Duende is an online literary magazine associated with the writing program at Goddard College. It accepts work in English, or translated to English, from anywhere in the world. It publishes prose, poetry, experimental works, and visual art. Duende focuses on publishing work by writers and artists from groups that are underrepresented in literature in the United States.

Producing a literary journal is a task that requires not only great time and effort, but also a group of people dedicated to collaborating to create the best collection of poetry, prose, and other works possible. This idea of collaboration is one that the students in the writing program at Goddard College latched onto to produce their first edition of the literary journal Duende out last month, and the results are amazing.

Duende is a product of collaboration on a national level. Unlike most undergraduate literary journals, which are run by students from one campus, this journal’s staff are located all across the United States, from Oregon to Pennsylvania and everywhere in between. The staff only meets face to face once each semester; I can only imagine how tricky communicating about a complex piece of poetry is without that in-person dynamic!

A quote by Federico Garcia Lorca appears at the bottom of the artfully designed home page, explaining that Duende “is a force…of a style that’s truly alive: meaning, it’s of the veins: meaning, it’s of the most ancient culture of immediate creation.” This simple philosophy of collecting and sharing works of art teeming with raw soul and passion made me eager to explore their first issue to see exactly the kinds of works desired by Duende’s editors.

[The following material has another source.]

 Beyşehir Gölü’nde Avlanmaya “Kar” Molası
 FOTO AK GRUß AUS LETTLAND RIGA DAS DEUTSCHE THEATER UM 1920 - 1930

Within the visual art category, I was most enthralled by Deanna Lee’s collection of hand-drawn pieces rooted in the exploration of the line. Lee shows that groupings of abstract lines can both evoke contrasting characteristics (weightlessness vs. heaviness, for example) while all maintaining a sense of life and action. I love the sense of movement in Lee’s work, and every time I look back at these three drawings, I feel as if they’ve moved somehow, shifted as my perspective on them shifts.

Switching to the prose section of the journal, another interesting aspect of Duende’s collaborative spirit is unveiled. Categories like “prose poem” and “hybrid prose” are attached to these varying works. I love Duende’s philosophy that regardless of genre, good writing is good writing and needs to be shared. My favorite work in this prose section is Justin Torres’ flash-fiction piece “Where’s My Wild Horse, Come to Rescue Me?” Beautiful diction juxtaposed against edgy, sometimes jolting scenes, Torres’ concise story needs to be read more than once in order to pick up on all the social and moral issues presented.

Duende writes that they are “especially interested in collaborations between two or more writers, or between writers and visual artists,” and my favorite piece in the poetry section involved both visual and written art. The prose-poem “This is How We Dream and its accompanying artwork present an interesting pair of works to be compared and contrasted. Pairing pieces of art together in order to emphasize the best parts of each work is a tricky thing to do, but I find the contrasting colors of the visual art and the theme of dream versus reality in the poem to work incredibly well together.

Coming together for the sake of promoting written and visual art is the goal of most every literary journal produced by undergraduates, but Duende does it exceptionally well. Uniting students nationwide through Goddard College’s writing program, combining genres of work to create bold new styles, and encouraging artists of various mediums to work together, Duende is a truly innovative journal that I cannot wait to hear more from.